Depuis décembre 1244, Louis IX anime la septième croisade, ce qui le conduit à restituer la régence à sa mère du 28 août 1248, date de l’embarquement des troupes royales à Aigues-Mortes jusqu’en novembre 1252, date de la mort de la souveraine, à laquelle il substitue aussitôt son frère Alphonse de Poitiers. Marquée par la prise de Damiette, puis en février 1250 par la défaite et par la mort de Robert d’Artois à Mansourah, cette expédition se solde par la capture du roi, qui ne recouvre sa liberté qu’au prix de la restitution de Damiette et du paiement d’une lourde rançon, dont le montant ne l’empêche pas de remettre en état à grands frais les fortifications d’Acre, de Jaffa, de Césarée et de Sidon lors de son séjour en Syrie de mai 1250 à avril 1254.


L’œuvre de Louis IX

La réforme administrative inaugurée par Philippe Auguste et par Louis VIII est poursuivie avec vigueur par Louis IX. Maintenant en place l’Échiquier, les vicomtes et les sergents institués par les Plantagenêts en Normandie, le souverain subordonne les uns et les autres à la Curia Regis et à des officiers originaires de l’Île-de-France ou de l’Orléanais, auxquels il fait également appel pour renforcer son autorité dans les pays de la Loire.

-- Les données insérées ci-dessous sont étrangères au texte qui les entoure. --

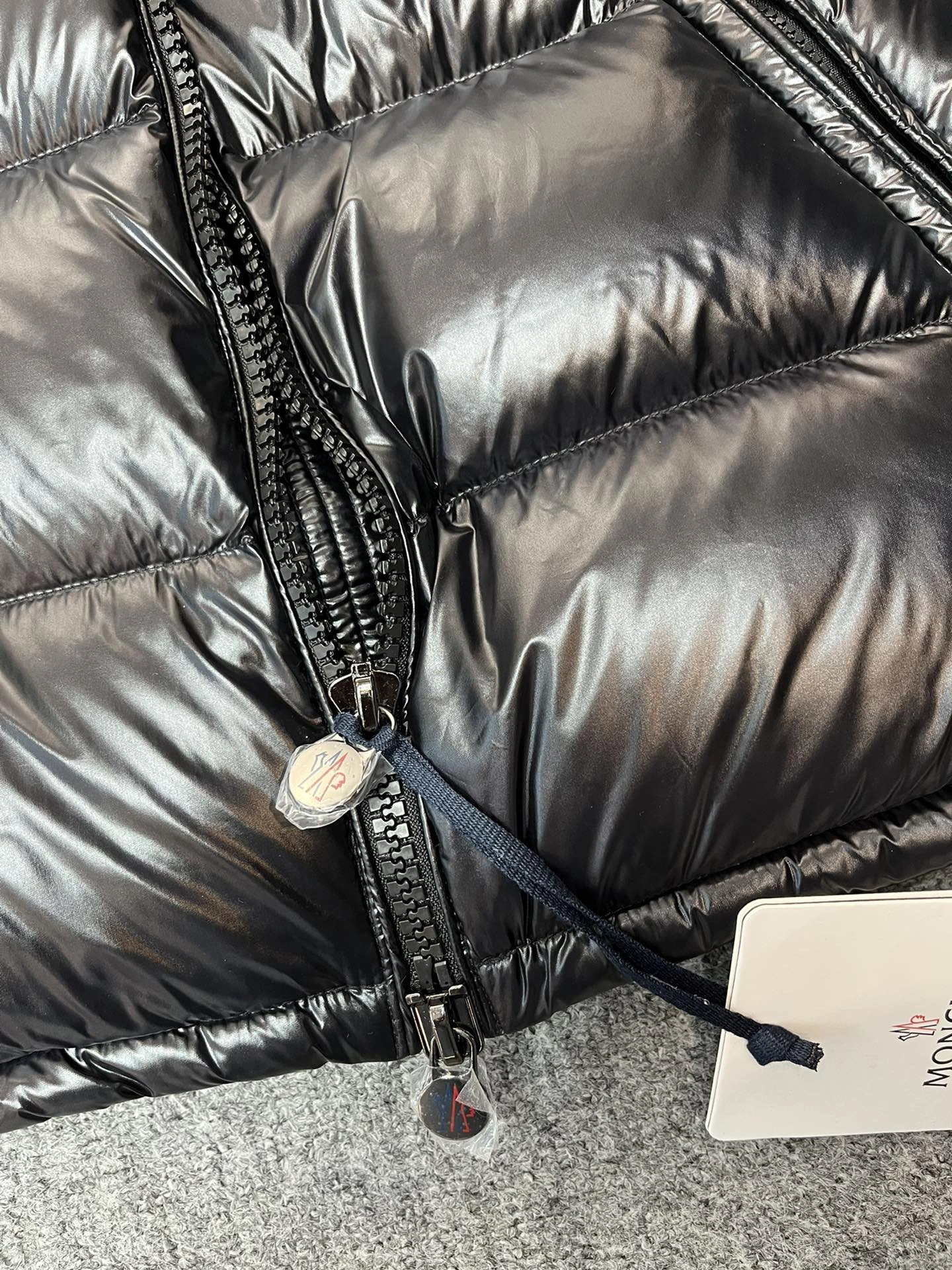 Breathable Moncler Down Jackets 146287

Prévôts et baillis y sont donc introduits, ces derniers cessant alors d’être des inspecteurs itinérants pour devenir des administrateurs nommés, payés et révoqués par le roi pour exercer leurs fonctions dans le cadre d’une vingtaine de circonscriptions bien distinctes entre lesquelles est désormais divisé le vaste domaine royal : les bailliages, appelés sénéchaussées dans le Centre-Ouest et le Midi languedocien, et, plus simplement, mais exceptionnellement, prévôté à Paris. Recrutés soit dans la petite noblesse locale, soit dans la bourgeoisie, tel Étienne Boileau, prévôt de Paris de 1258 à 1267, ces officiers se constituent alors en dynasties, dont la plus célèbre est celle des Beaumanoir, le père et le fils, également prénommés Philippe : ils sont tour à tour baillis en Gâtinais vers 1240-1250 et à Clermont-en-Beauvaisis vers 1280. Ces officiers sont contraints de respecter de strictes règles de gestion, définies par l’ordonnance de 1254. Ils sont étroitement surveillés par des enquêteurs qui ont pour mission de fixer les droits et les devoirs de chacun et de transmettre par écrit toutes les plaintes à Paris, où la cour du roi commence à se subdiviser en sections spécialisées : le Conseil, qui traite plus spécialement des affaires politiques ; la Curia in parlamento, qui s’érige alors en parlement, ayant à la fois le rôle de cour suprême dans certaines affaires et surtout de juridiction d’appel des décisions des tribunaux de bailliage ; la Curia in compotis, enfin, berceau de la future Cour aux comptes.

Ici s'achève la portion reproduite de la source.